# Prompt
Pictures must not appear in your answer. Write out exactly the lines from the one with "Hộp Đựng Gòn (Cotton Roll Dispenser)" through the last line of the entries below.
### Given entries ###
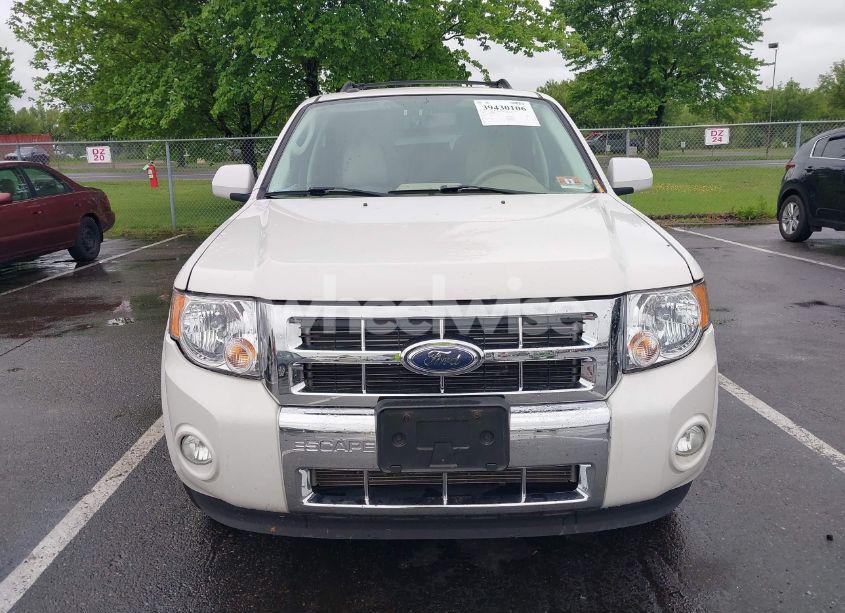 Photo 6 of 2010 Ford Escape LIMITED (VIN 1FMCU0EG9AKA03584)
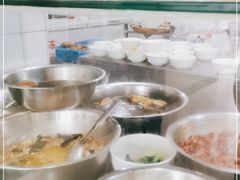 自助取餐区-老西白点心店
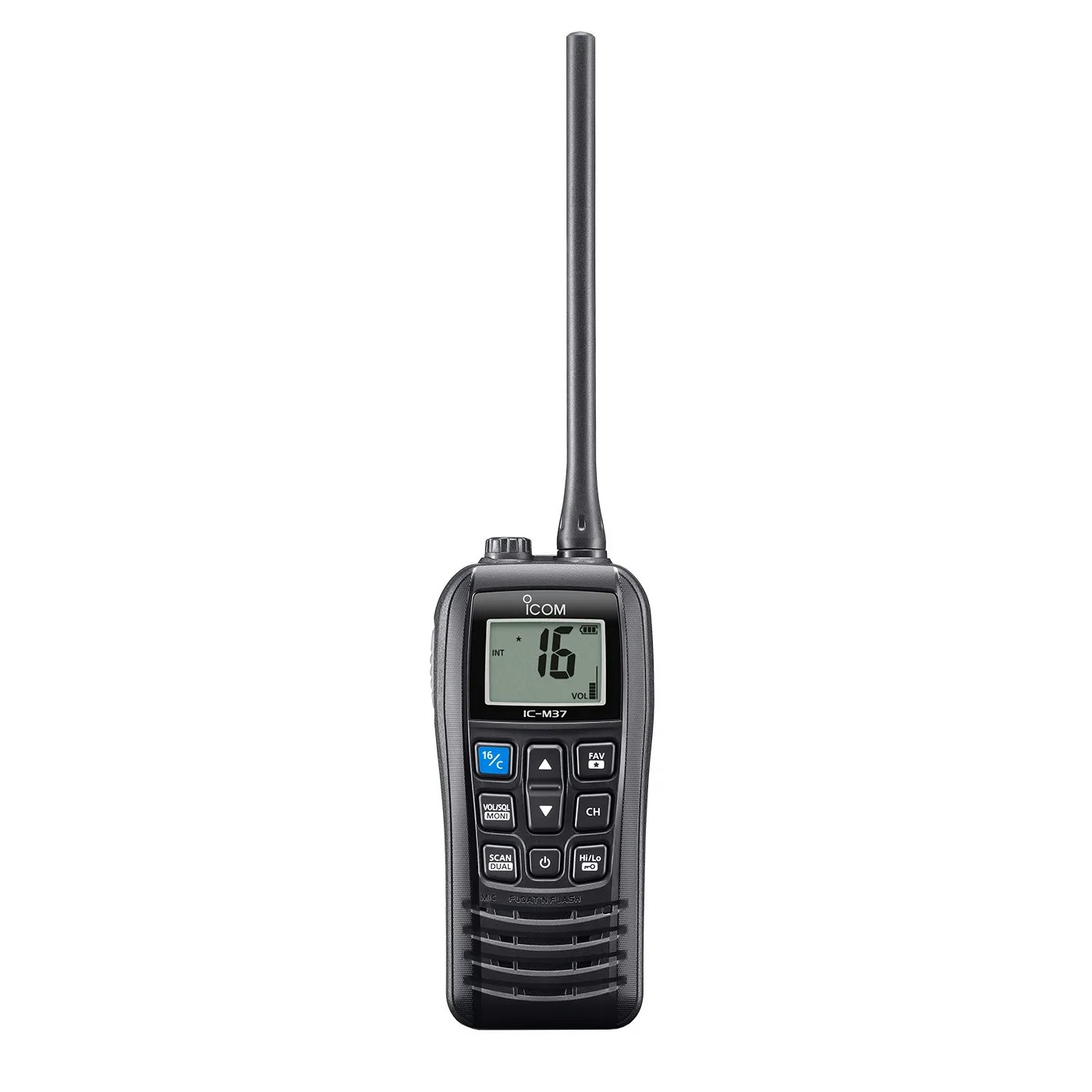 Icom IC-M37EURO Bärbar Marinradio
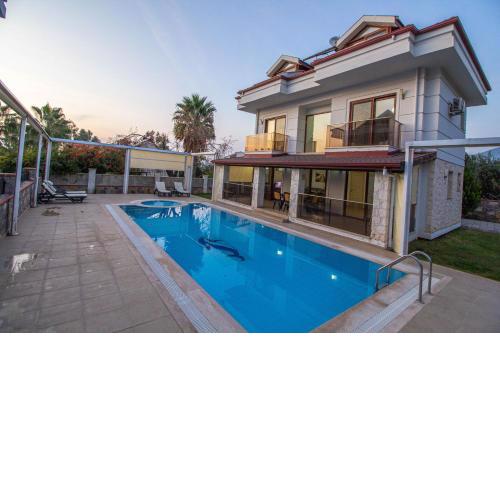 Prestij Makri 4+1 Villa, Özel Havuzlu, Fethiye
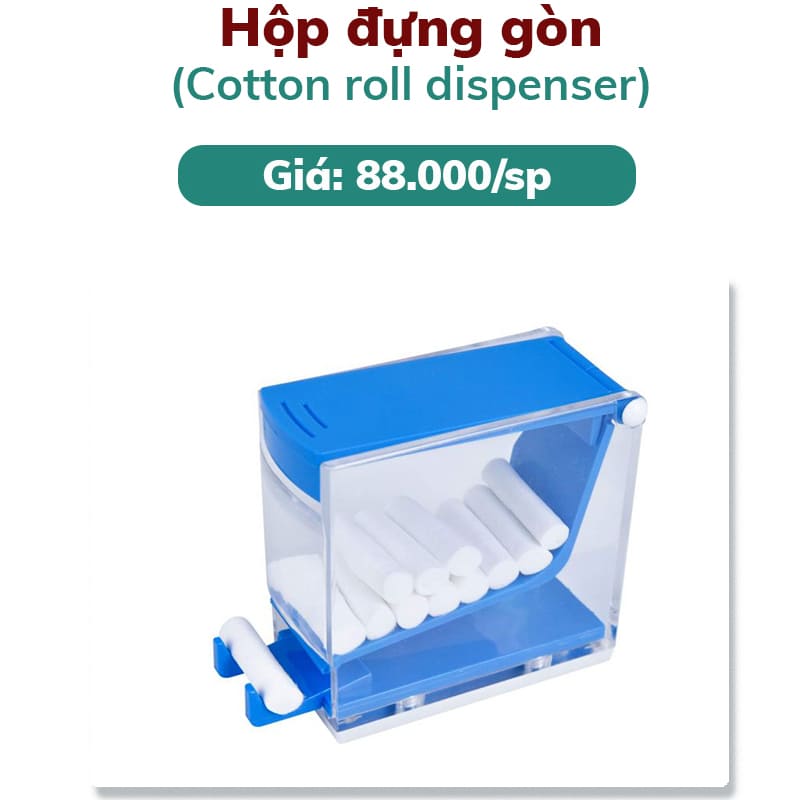 Hộp Đựng Gòn (Cotton Roll Dispenser)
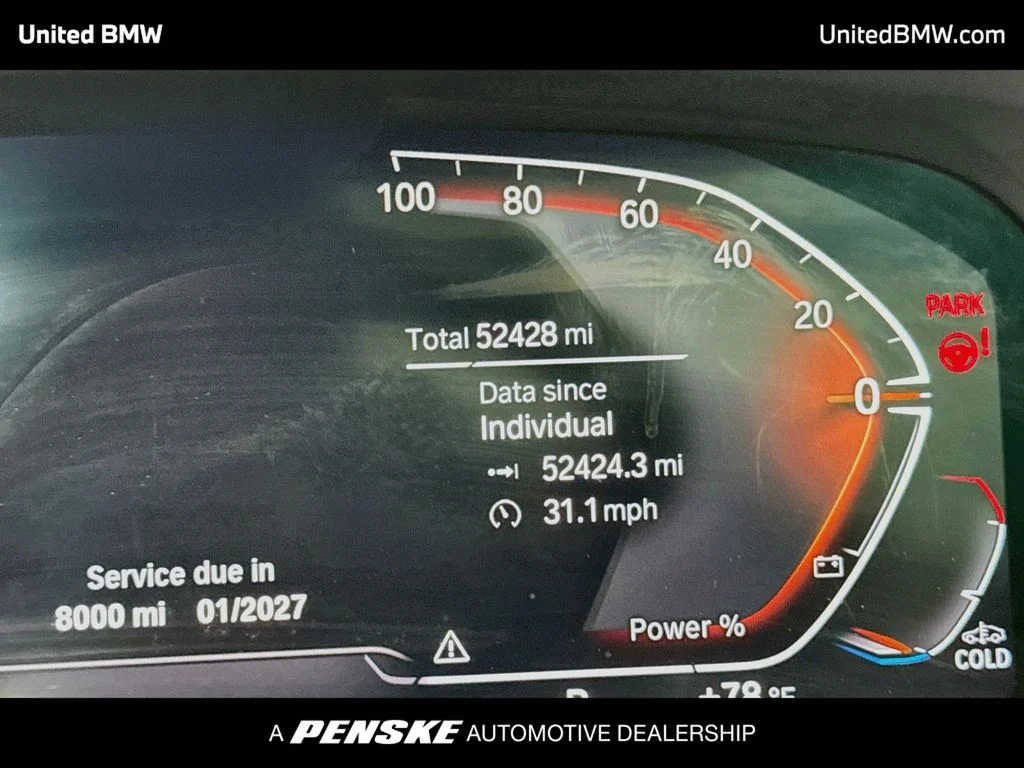 Used 2021 Alpine White BMW xDrive40i image 14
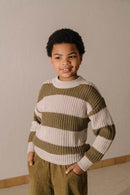 Jersey Marcelo Gris Claro Y Oliva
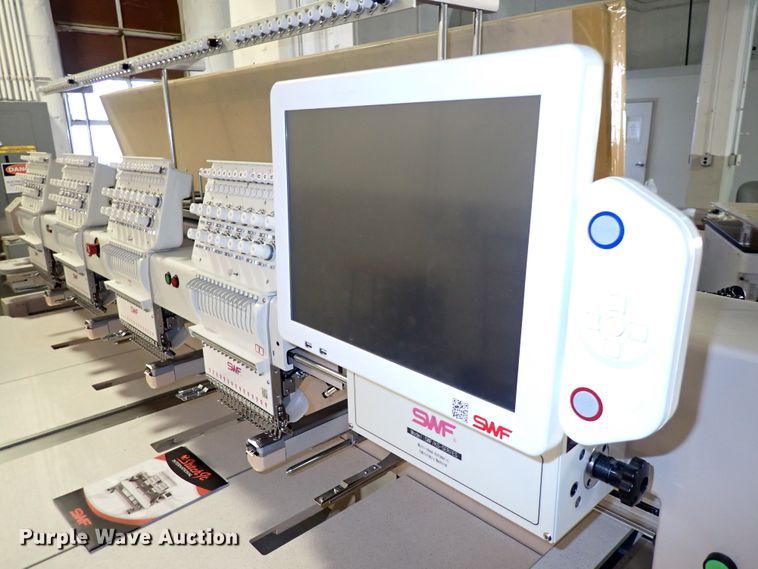 image for item JU9056 SWF SWF/KS-UK1504-45  embroidery machine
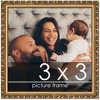 PosterPalooza | 3x3 Museum-Quality Picture Frame, UV Resistant Acrylic, Foam Board Backing, Available in 4 Finishes - 2 of 4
###
# Solution to this problem
 Hộp Đựng Gòn (Cotton Roll Dispenser)
 Used 2021 Alpine White BMW xDrive40i image 14
 Jersey Marcelo Gris Claro Y Oliva
 image for item JU9056 SWF SWF/KS-UK1504-45  embroidery machine
 PosterPalooza | 3x3 Museum-Quality Picture Frame, UV Resistant Acrylic, Foam Board Backing, Available in 4 Finishes - 2 of 4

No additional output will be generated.